In den bislang eingegangenen, auf Art144 B VG gestützten Beschwerden wird im Wesentlichen geltend gemacht, dass das ORF Beitrags Gesetz 2024 die Beschwerdeführer in den verfassungsgesetzlich gewährleisteten Rechten auf Gleichheit aller Staatsbürger vor dem Gesetz (Art7 B VG, Art2 StGG) und auf Unversehrtheit des Eigentums (Art5 StGG, Art1 1. ZPEMRK) verletze. Darüber hinaus würden sowohl das ORF Beitrags Gesetz 2024 als auch das ORF Gesetz gegen das Bestimmtheitsgebot gemäß Art18 B VG verstoßen. Es sei unsachlich, dass die Beitragspflicht auch dann eintrete, wenn ein Konsum von ORF Angeboten nicht erfolge oder nicht möglich sei. Das Gesetz differenziere auch nicht nach den verschiedenen Empfangsformen (Kabel, Satellit, Internet). Weiters führten die tatbestandsmäßigen Anknüpfungen für die Beitragspflicht (im Inland gelegene Meldeadresse und Volljährigkeit im privaten Bereich bzw Betriebsstätten im betrieblichen Bereich) zu unsachlichen Belastungen. Ferner sei das Verfahren nach §31 ORF Gesetz zur Bestimmung der Höhe des Beitrages nicht eingehalten worden, und sei die ORF Beitrags Service GmbH nicht zur Erlassung von Bescheiden legitimiert. Schließlich werde durch die Bestimmungen des ORF Beitrags Gesetzes 2024 in unzulässiger Weise in den Wettbewerb mit privaten Rundfunkbetreibern und in das Recht auf Freiheit der Meinungsäußerung (Art10 EMRK) eingegriffen, und werde durch die Bestimmungen auch das Grundrecht auf Datenschutz gemäß §1 Datenschutzgesetz verletzt.

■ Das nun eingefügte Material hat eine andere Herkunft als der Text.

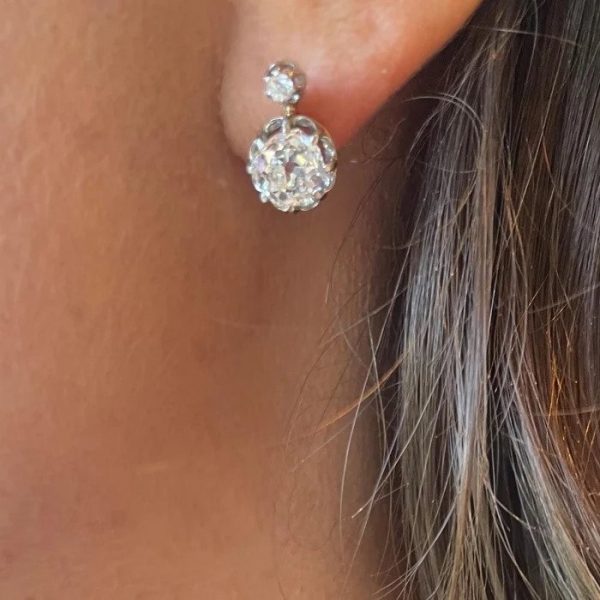 Antique 2.60ct Old Cut Diamond Earrings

Es ist zu erwarten, dass eine erhebliche Anzahl weiterer solcher Beschwerden in nächster Zeit beim Verfassungsgerichtshof anhängig gemacht werden wird. Folglich ist beim Verfassungsgerichtshof eine erhebliche Anzahl von Verfahren über Beschwerden anhängig, in denen die in Spruchpunkt I. genannten Rechtsfragen zu lösen sind (§86a Abs1 VfGG).